Guest blog post by Diya Soubra
As I studied the subject, the following three terms stood out in relation to Big Data.
Variety, Velocity and Volume.
In marketing, the 4Ps define all of marketing using only four terms.
Product, Promotion, Place, and Price.
I claim that the 3Vs above totally define big data in a similar fashion.
These three properties define the expansion of a data set along various fronts to where it merits to be called big data. An expansion that is accelerating to generate yet more data of various types.
The plot above, using three axes helps to visualize the concept.
The size of available data has been growing at an increasing rate. This applies to companies and to individuals. A text file is a few kilo bytes, a sound file is a few mega bytes while a full length movie is a few giga bytes.
More sources of data are added on continuous basis. For companies, in the old days, all data was generated internally by employees. Currently, the data is generated by employees, partners and customers. For a group of companies, the data is also generated by machines. For example, Hundreds of millions of smart phones send a variety of information to the network infrastructure. This data did not exist five years ago.
More sources of data with a larger size of data combine to increase the volume of data that has to be analyzed. This is a major issue for those looking to put that data to use instead of letting it just disappear.
Peta byte data sets are common these days and Exa byte is not far away.
Large Synoptic Survey Telescope (LSST).
“Over 30 thousand gigabytes (30TB) of images will be generated every night during the decade -long LSST sky survey. ”
72 hours of video are uploaded to YouTube every minute
There is a corollary to Parkinson’s law that states: “Data expands to fill the space available for storage.”
This is no longer true since the data being generated will soon exceed all available storage space.
Initially, companies analyzed data using a batch process. One takes a chunk of data, submits a job to the server and waits for delivery of the result.

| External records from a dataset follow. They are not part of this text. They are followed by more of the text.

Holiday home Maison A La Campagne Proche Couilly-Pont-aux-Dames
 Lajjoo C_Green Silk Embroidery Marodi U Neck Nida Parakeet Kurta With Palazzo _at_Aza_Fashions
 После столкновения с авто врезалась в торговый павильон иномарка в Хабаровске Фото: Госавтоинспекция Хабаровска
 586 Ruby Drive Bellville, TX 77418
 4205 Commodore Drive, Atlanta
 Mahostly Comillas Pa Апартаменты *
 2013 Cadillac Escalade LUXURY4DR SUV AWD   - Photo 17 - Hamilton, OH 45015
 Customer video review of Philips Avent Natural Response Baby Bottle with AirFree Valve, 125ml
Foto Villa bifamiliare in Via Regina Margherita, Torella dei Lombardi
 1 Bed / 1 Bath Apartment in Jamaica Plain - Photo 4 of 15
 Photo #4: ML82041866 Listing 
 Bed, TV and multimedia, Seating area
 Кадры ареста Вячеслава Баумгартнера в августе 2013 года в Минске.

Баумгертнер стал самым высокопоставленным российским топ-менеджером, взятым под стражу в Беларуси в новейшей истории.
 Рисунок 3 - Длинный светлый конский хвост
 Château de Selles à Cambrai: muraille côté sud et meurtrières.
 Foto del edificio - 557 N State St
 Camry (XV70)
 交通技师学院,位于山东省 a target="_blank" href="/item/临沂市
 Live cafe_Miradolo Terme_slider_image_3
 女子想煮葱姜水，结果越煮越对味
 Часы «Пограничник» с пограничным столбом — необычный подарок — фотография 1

That scheme works when the incoming data rate is slower than the batch processing rate and when the result is useful despite the delay. With the new sources of data such as social and mobile applications, the batch process breaks down. The data is now streaming into the server in real time, in a continuous fashion and the result is only useful if the delay is very short.
140 million tweets per day on average.( more in 2012)
I have not yet determined how data velocity may continue to increase since real time is as fast as it gets. The delay for the results and analysis will continue to shrink to also reach real time.
From excel tables and databases, data structure has changed to loose its structure and to add hundreds of formats. Pure text, photo, audio, video, web, GPS data, sensor data, relational data bases, documents, SMS, pdf, flash, etc etc etc. One no longer has control over the input data format. Structure can no longer be imposed like in the past in order to keep control over the analysis. As new applications are introduced new data formats come to life.
Google uses smart phones as sensors to determine traffic conditions.
In this application they are most likely reading the speed and position of millions of cars to construct the traffic pattern in order to select the best routes for those asking for driving directions. This sort of data did not exist on a collective scale a few years ago.
The 3Vs together describe a set of data and a set of analysis conditions that clearly define the concept of big data.
So what is one to do about this?
So far, I have seen two approaches.
1-divide and concur using Hadoop
2-brute force using an “appliance” such as the SAP HANA
(High- Performance Analytic Appliance)
In the divide and concur approach, the huge data set is broken down into smaller parts (HDFS) and processed (Mapreduce) in a parallel fashion using thousands of servers.
As the volume of the data increases, more servers are added and the process runs in the same manner. Need a shorter delay for the result, add more servers again. Given that with the cloud, server power is infinite, it is really just a matter of cost. How much is it worth to get the result in a shorter time.
One has to accept that not ALL data analysis can be done with Hadoop. Other tools are always required.
For the brute force approach, a very powerful server with terabytes of memory is used to crunch the data as one unit. The data set is compressed in memory. For example, for a Twitter data flow that is pure text, the compression ratio may reach 100:1. A 1TB IBM SAP HANA can then load a data set of 100TB in memory and do analytics on it.
IBM has a 100TB unit for demonstration purposes.
Many other companies are filling in the gap between these two approaches by releasing all sorts of applications that address different steps of the data processing sequence plus the management and the system configuration.